“We do not hold the keys to all of the solutions to keep our country safe and secure – you do. There is always an opportunity for you to work with the U.S. government,” said William N. Bryan, Acting Under Secretary for Science and Technology for the DHS Security Science and Technology Directorate (S&T).
In a keynote presentation yesterday morning, Bryan stressed how S&T wants to work with the security industry, across the globe, to accelerate R&D and deliver solutions that enable communities to adapt and respond to the speed of innovation and complex threat cycles.
“We can’t do it alone,” Bryan said. “We want your ideas, and we will cherish them. Homeland security is a team sport, collaboration is critical and the diversity of perspectives is essential to our success.”
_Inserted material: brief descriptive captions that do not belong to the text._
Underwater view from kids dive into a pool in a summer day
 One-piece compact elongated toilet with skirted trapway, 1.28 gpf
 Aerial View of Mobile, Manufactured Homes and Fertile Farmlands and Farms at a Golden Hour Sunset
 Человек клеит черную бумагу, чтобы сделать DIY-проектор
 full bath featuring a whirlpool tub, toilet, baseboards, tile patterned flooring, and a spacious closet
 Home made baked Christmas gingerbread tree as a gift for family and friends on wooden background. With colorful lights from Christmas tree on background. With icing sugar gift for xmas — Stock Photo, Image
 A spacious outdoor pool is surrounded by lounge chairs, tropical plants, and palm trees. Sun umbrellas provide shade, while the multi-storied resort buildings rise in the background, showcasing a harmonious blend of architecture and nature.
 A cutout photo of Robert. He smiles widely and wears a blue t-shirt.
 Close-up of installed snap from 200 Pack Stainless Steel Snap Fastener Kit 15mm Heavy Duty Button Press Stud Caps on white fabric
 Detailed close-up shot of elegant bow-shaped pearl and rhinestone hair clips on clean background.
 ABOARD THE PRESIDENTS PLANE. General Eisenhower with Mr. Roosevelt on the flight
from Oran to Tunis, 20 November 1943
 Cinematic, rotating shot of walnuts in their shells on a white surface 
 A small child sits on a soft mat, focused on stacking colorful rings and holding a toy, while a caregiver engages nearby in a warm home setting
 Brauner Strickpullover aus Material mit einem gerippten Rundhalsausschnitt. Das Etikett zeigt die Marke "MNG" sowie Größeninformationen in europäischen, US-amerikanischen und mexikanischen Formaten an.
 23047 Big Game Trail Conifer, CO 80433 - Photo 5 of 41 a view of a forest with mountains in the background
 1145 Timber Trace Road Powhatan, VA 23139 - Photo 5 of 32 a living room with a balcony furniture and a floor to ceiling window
Bryan began his presentation by discussing the challenges of security and safety in a digital age, where security threats are persistent and often unstoppable. “With technology brings risk,” he said. “On an average day, look at how many web enabled applications you use – email, social media, banking, your home security system and more. We have a lot of confidence in that those applications are safe and secure. The pervasiveness of those applications and the willingness of young people to embrace it changes the R&D landscape. As soon as we come up with a product to address a threat, the bad actors adapt.”
There are pros and cons to technology, Bryan said, but we have to be mindful of how technology is used, citing drones that offer multiple benefits with security and life safety, but there are some who do not operate them safely and responsibly. In addition, home security cameras allow homeowners to know when a package is delivered at their door, yet bad actors can tap into those systems and manipulate the video, he said. Even more, the Internet of Things is enabling all things to operate but it can also disrupt, and destroy all good things that technologies were designed to do, he noted.
“In a perfect world, as these technologies are developed, security mitigations should also be developed. We are seeing the consequences of when security becomes an afterthought in the development of technology, as it is difficult to retrofit security into a technology. As an industry, we have to do a better job of that. It is a shared challenge and responsibility,” Bryan said.
Bryan ended the presentation by asking attendees to work with DHS and S&T. He said, “Our success at S&T is measured by us developing solutions. We do not have the resources and we cannot do it alone. Because we are a law enforcement agency, the threats that we see today need solutions tomorrow. Collaborating with industry and government is not unusual. We currently work with carriers to look at 5G interoperability, and DHS is the largest user of biometrics.”
“My charge to you is to work with us to innovate and help us to implement solutions that will keep our country safe,” he said.